Bidding War for Warner

Netflix and Paramount Skydance are vying to buy Warner Bros. Discovery. Who will prevail and what will they gain?

In a deal with more twists than a Hitchcock movie, Warner Bros. Discovery Inc. has found itself the belle of the ball in Hollywood, where two suitors – both alike in their determination – seek its business in a fervent bidding war. 

The Los Gatos-based streaming giant Netflix Inc. had seemingly tied the knot on Dec. 5, shocking the entertainment industry by announcing that it would acquire Warner Bros. Discovery’s streaming and studios division, which includes DC Studios, HBO Inc. and its extensive film and television library, at $27.75 per share. That represents $23.25 in cash and $4.5 in shares of Netflix common stock, which totals an enterprise value of nearly $83 billion and an equity value of $72 billion.

“It’s inevitable,” said Lloyd Greif, chief executive of downtown-based investment bank Greif & Co. “It’s increasingly becoming the land of the giants.”

But not so fast. The drama escalated. Following a weekend of strongly worded reactions, ranging from buzzing internet chatter and industry podcast interviews to whispers behind the scenes about what’s next, Paramount Skydance Corp. stepped back into the picture. It made a hostile all-cash offer to buy out all outstanding shares of Warner Bros. Discovery at $30 per share, outbidding Netflix by $26 billion.

The Hollywood-based studio is eyeing Warner Bros. Discovery’s entire business, including its Global Networks division, which will give Paramount control of news outlets such as CNN, TBS and TNT Sports.
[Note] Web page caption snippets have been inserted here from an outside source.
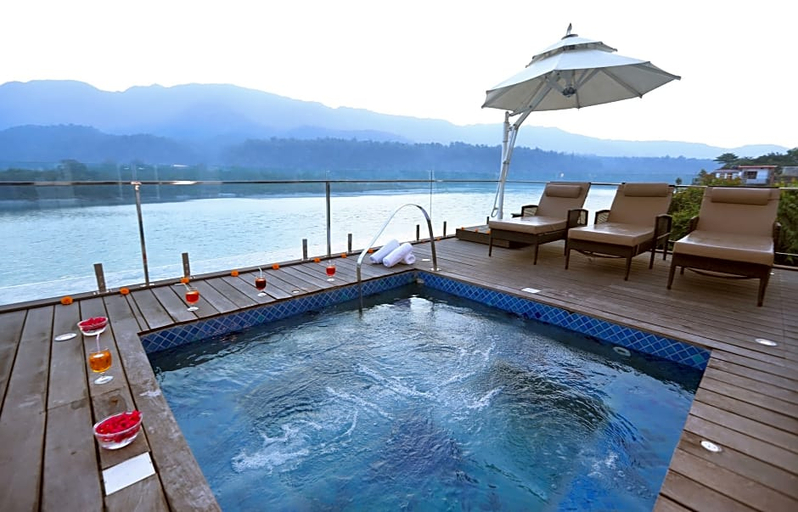 Sport & Beauty 3, Ganga Kinare By Holywater Hotels, Garhwal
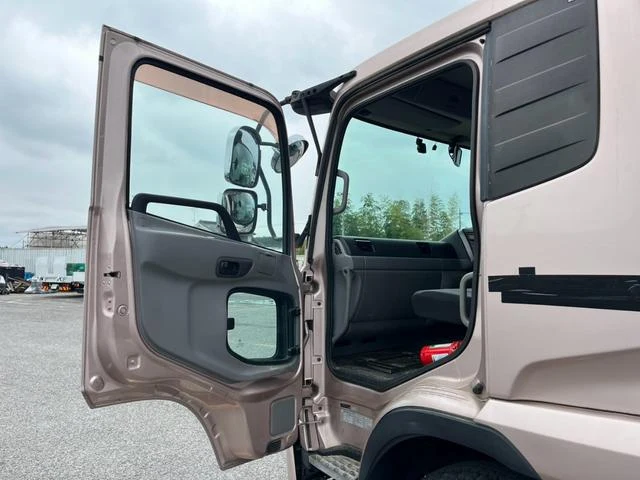 UD Trucks CONDOR 64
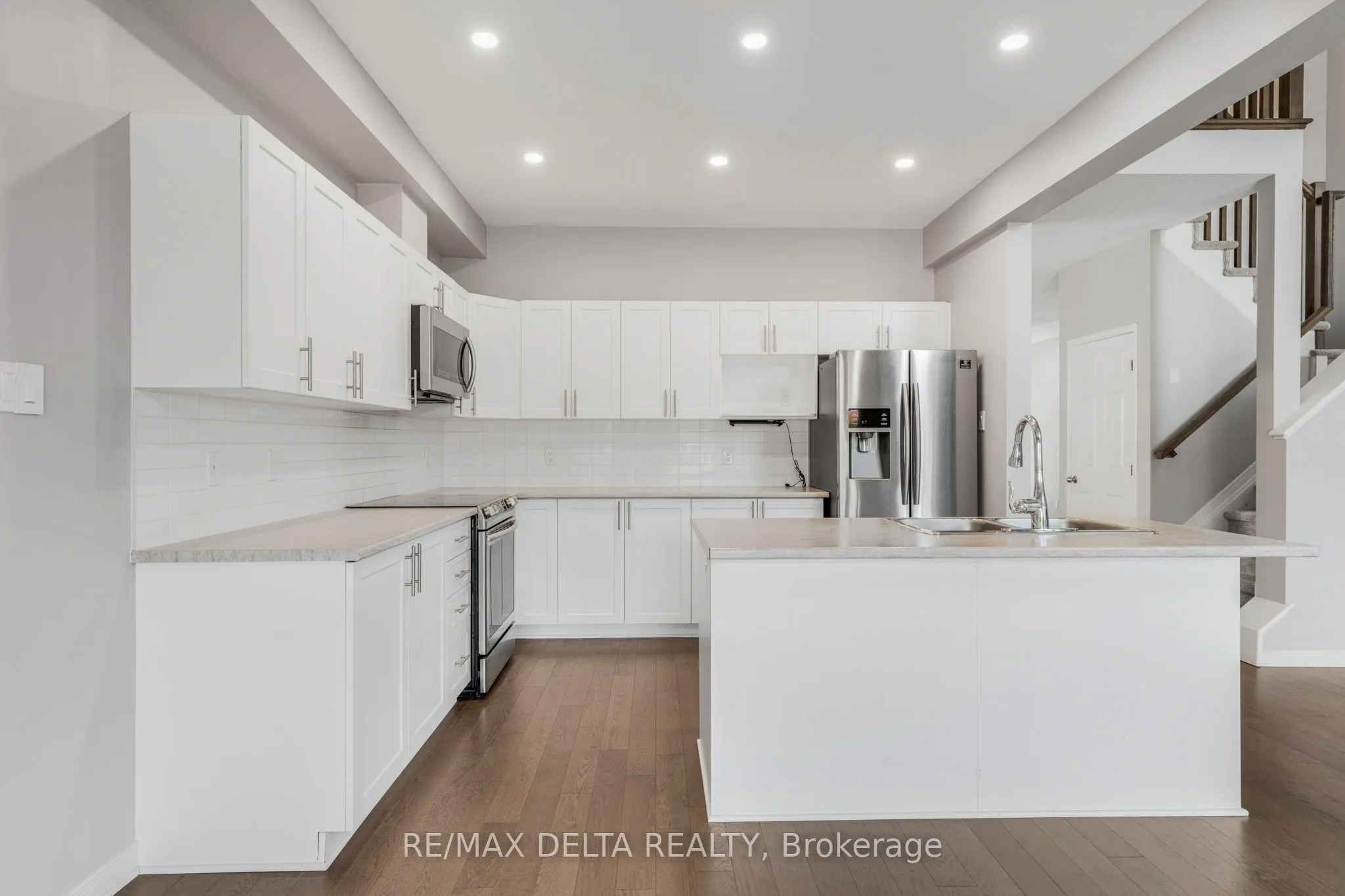 196 Onyx Crescent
Having started the saga in September and has since sent six proposals to Warner Bros. Discovery, Paramount chief executive David Ellison is apparently determined to bring home the trophy.

David Ellison

“Our proposal is superior to Netflix’s in every dimension, higher headline value, increased certainty in that value, greater regulatory certainty and a pro-Hollywood, pro-consumer and pro competition future,” Ellison said in a Dec. 8 mergers and acquisitions call with Wall Street analysts. “We’re confident that once shareholders have the opportunity to choose for themselves, they’ll choose Paramount.”

A hostile takeover

Ellison said the bid from Netflix was “uncertain” and left shareholders “with stock in a highly levered Global Networks business.

“It exposes shareholders to volatile Netflix shares that could drive value below headline levels and has a highly uncertain regulatory outlook,” he said.

Warner Bros. Discovery shareholders may not see it that way when the bids are up for a vote. Paramount and Warner Bros. Discovery both have a strong theatrical presence and significant production capacity to match, which Netflix lacks. This could mean redundancy and potential job cuts, Greif said.

Since its August merger with Skydance Media, Paramount has implemented significant layoffs to save costs, according to various news reports. The studio laid off about 1,000 employees in late October and has plans for at least 2,000 cuts by year’s end. Last month, the company also announced an additional 1,600 job cuts connected to the divestiture of certain television station operations. Overall, the company-wide layoffs are expected to save around $3 billion in expenses.

“We saw all the layoffs that Paramount did when Skydance took them over,” said Greif. “I think you ain’t seen nothing yet if Paramount gets their hands on Warner Brothers Discovery.”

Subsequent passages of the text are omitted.